[Your goal] Every line of the entries below from the one containing "Image 2 : DEWALT" to the one containing "Imagine detaliată a", both ends included, must be written out exactly. No other line belongs in the answer.
[[ Dataset content open ]]
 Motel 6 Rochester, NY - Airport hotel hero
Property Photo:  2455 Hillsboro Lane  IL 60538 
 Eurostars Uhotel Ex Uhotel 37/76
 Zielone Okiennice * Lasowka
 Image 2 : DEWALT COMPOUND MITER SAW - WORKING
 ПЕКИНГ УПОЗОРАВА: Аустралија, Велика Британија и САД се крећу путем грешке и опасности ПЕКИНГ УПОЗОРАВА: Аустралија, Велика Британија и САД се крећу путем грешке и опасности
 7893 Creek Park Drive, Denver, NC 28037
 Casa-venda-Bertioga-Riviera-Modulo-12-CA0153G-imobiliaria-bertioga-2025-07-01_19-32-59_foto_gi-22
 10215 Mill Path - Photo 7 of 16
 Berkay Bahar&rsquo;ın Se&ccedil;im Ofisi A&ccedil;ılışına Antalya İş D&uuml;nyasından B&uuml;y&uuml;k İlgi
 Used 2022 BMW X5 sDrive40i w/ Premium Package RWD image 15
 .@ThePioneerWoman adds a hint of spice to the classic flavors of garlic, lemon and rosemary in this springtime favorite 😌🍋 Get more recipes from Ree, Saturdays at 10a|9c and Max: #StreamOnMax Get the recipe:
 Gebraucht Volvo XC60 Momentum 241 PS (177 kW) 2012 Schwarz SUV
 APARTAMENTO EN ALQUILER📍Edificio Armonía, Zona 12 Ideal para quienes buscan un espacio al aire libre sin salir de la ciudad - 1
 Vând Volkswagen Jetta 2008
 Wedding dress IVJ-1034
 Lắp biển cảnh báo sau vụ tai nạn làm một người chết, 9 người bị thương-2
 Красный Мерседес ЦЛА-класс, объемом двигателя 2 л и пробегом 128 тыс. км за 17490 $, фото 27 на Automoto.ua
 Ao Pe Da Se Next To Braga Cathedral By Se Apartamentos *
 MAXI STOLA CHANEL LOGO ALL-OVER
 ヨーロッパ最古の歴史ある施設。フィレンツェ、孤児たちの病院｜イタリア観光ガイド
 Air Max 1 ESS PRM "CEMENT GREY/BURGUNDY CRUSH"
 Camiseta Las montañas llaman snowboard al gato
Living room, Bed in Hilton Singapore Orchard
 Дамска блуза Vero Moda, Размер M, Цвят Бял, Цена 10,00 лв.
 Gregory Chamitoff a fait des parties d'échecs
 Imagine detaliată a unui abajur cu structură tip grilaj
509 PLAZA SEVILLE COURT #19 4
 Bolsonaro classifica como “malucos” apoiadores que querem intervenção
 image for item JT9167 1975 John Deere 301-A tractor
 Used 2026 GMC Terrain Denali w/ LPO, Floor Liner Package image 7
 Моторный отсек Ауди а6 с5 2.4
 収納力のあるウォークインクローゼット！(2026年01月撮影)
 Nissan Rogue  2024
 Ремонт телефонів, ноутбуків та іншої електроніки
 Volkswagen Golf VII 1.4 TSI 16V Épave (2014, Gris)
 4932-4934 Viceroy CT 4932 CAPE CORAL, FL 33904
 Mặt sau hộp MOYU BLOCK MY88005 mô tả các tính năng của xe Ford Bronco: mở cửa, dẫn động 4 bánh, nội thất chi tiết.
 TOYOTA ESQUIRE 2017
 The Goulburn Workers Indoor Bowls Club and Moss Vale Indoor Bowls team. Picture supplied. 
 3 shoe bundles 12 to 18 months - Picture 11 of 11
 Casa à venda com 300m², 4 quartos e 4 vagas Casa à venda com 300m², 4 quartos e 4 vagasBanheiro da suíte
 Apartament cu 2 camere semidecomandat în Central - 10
[[ Dataset content closed ]]
[Output for this exercise]
 Image 2 : DEWALT COMPOUND MITER SAW - WORKING
 ПЕКИНГ УПОЗОРАВА: Аустралија, Велика Британија и САД се крећу путем грешке и опасности ПЕКИНГ УПОЗОРАВА: Аустралија, Велика Британија и САД се крећу путем грешке и опасности
 7893 Creek Park Drive, Denver, NC 28037
 Casa-venda-Bertioga-Riviera-Modulo-12-CA0153G-imobiliaria-bertioga-2025-07-01_19-32-59_foto_gi-22
 10215 Mill Path - Photo 7 of 16
 Berkay Bahar&rsquo;ın Se&ccedil;im Ofisi A&ccedil;ılışına Antalya İş D&uuml;nyasından B&uuml;y&uuml;k İlgi
 Used 2022 BMW X5 sDrive40i w/ Premium Package RWD image 15
 .@ThePioneerWoman adds a hint of spice to the classic flavors of garlic, lemon and rosemary in this springtime favorite 😌🍋 Get more recipes from Ree, Saturdays at 10a|9c and Max: #StreamOnMax Get the recipe:
 Gebraucht Volvo XC60 Momentum 241 PS (177 kW) 2012 Schwarz SUV
 APARTAMENTO EN ALQUILER📍Edificio Armonía, Zona 12 Ideal para quienes buscan un espacio al aire libre sin salir de la ciudad - 1
 Vând Volkswagen Jetta 2008
 Wedding dress IVJ-1034
 Lắp biển cảnh báo sau vụ tai nạn làm một người chết, 9 người bị thương-2
 Красный Мерседес ЦЛА-класс, объемом двигателя 2 л и пробегом 128 тыс. км за 17490 $, фото 27 на Automoto.ua
 Ao Pe Da Se Next To Braga Cathedral By Se Apartamentos *
 MAXI STOLA CHANEL LOGO ALL-OVER
 ヨーロッパ最古の歴史ある施設。フィレンツェ、孤児たちの病院｜イタリア観光ガイド
 Air Max 1 ESS PRM "CEMENT GREY/BURGUNDY CRUSH"
 Camiseta Las montañas llaman snowboard al gato
Living room, Bed in Hilton Singapore Orchard
 Дамска блуза Vero Moda, Размер M, Цвят Бял, Цена 10,00 лв.
 Gregory Chamitoff a fait des parties d'échecs
 Imagine detaliată a unui abajur cu structură tip grilaj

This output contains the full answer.